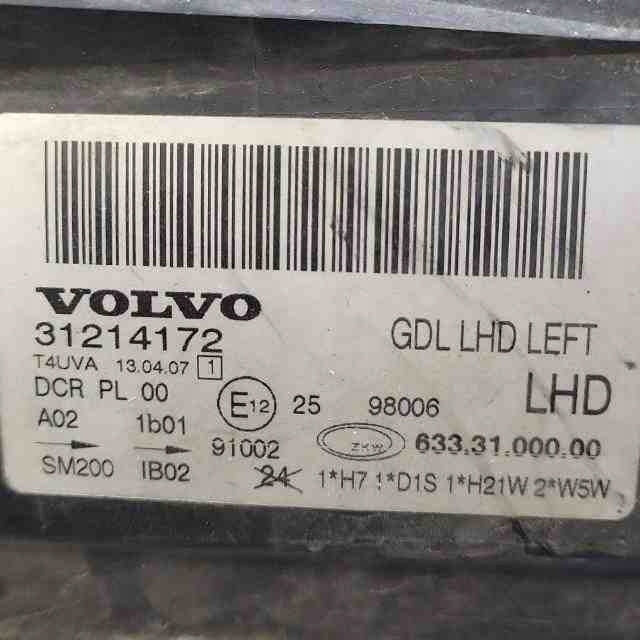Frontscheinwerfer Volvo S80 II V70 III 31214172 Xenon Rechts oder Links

────────

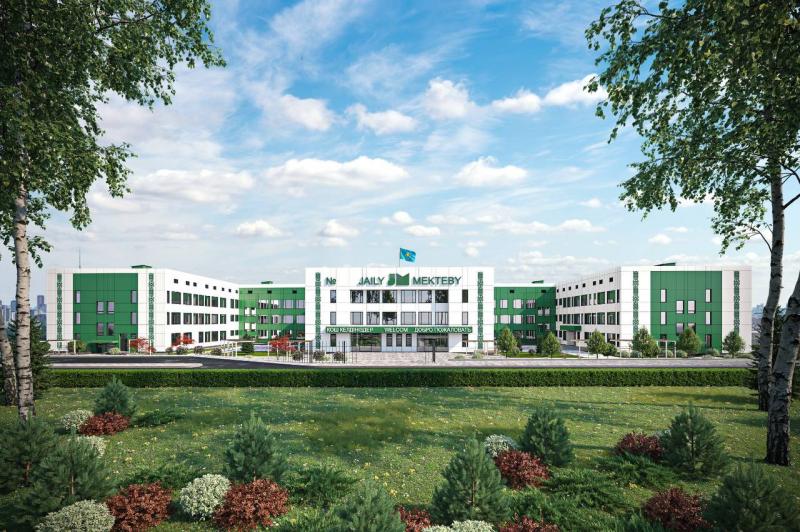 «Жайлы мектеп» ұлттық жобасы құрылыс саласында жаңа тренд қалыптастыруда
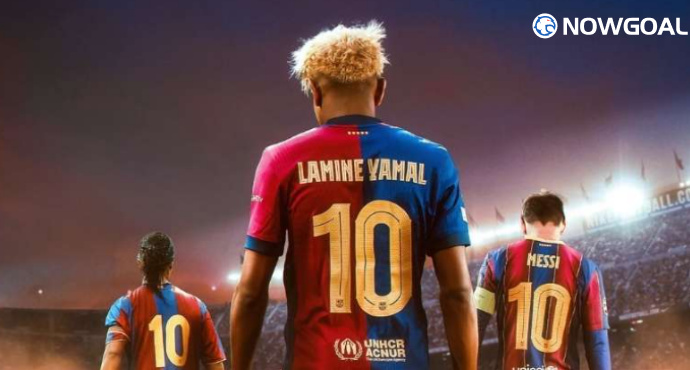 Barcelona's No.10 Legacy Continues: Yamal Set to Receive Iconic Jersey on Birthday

────────

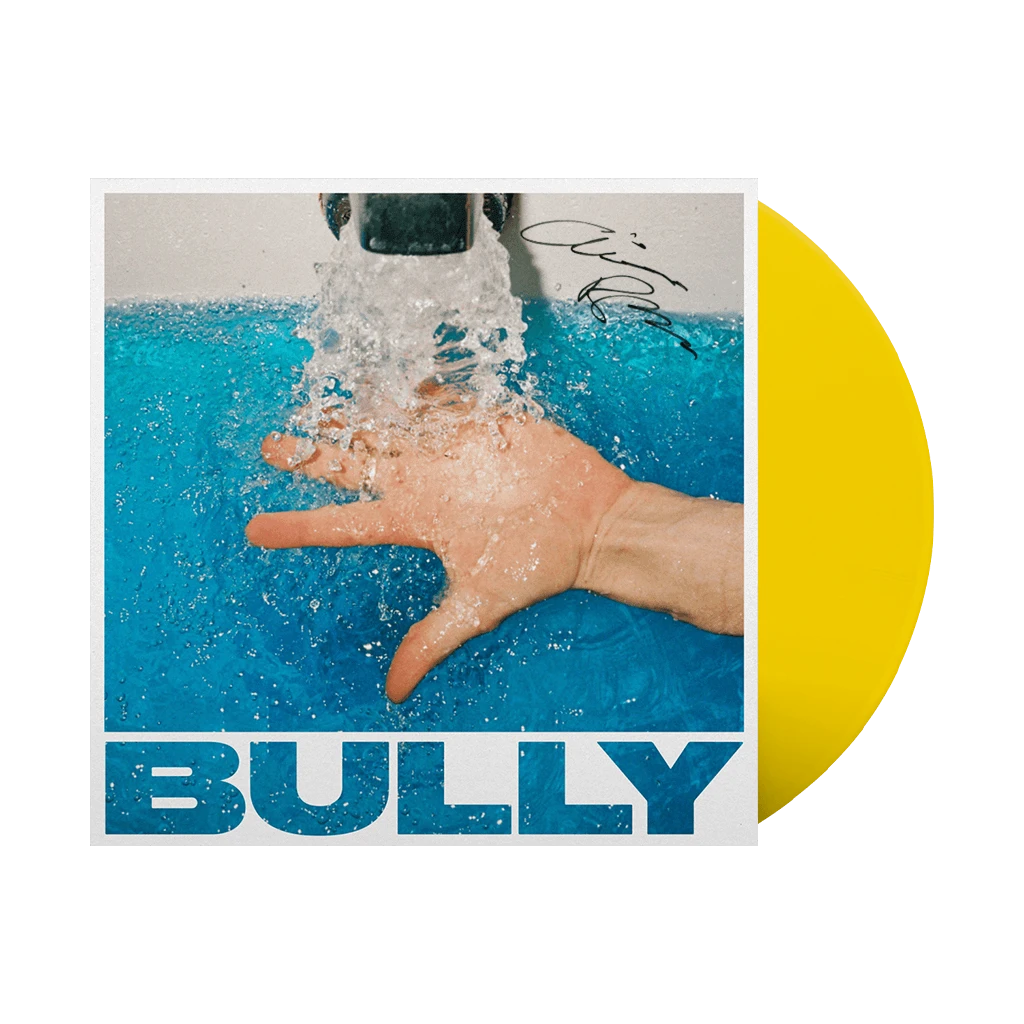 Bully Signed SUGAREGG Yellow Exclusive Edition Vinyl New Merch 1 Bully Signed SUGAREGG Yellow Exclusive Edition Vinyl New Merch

────────

_Work request_: With the pictures removed from your copy, retype the lines above from the one that contains "жаңа тренд қалыптастыруда" through the one that contains "Barcelona's No.10 Legacy", exactly.

_Answer to this problem_:
 «Жайлы мектеп» ұлттық жобасы құрылыс саласында жаңа тренд қалыптастыруда
 Barcelona's No.10 Legacy Continues: Yamal Set to Receive Iconic Jersey on Birthday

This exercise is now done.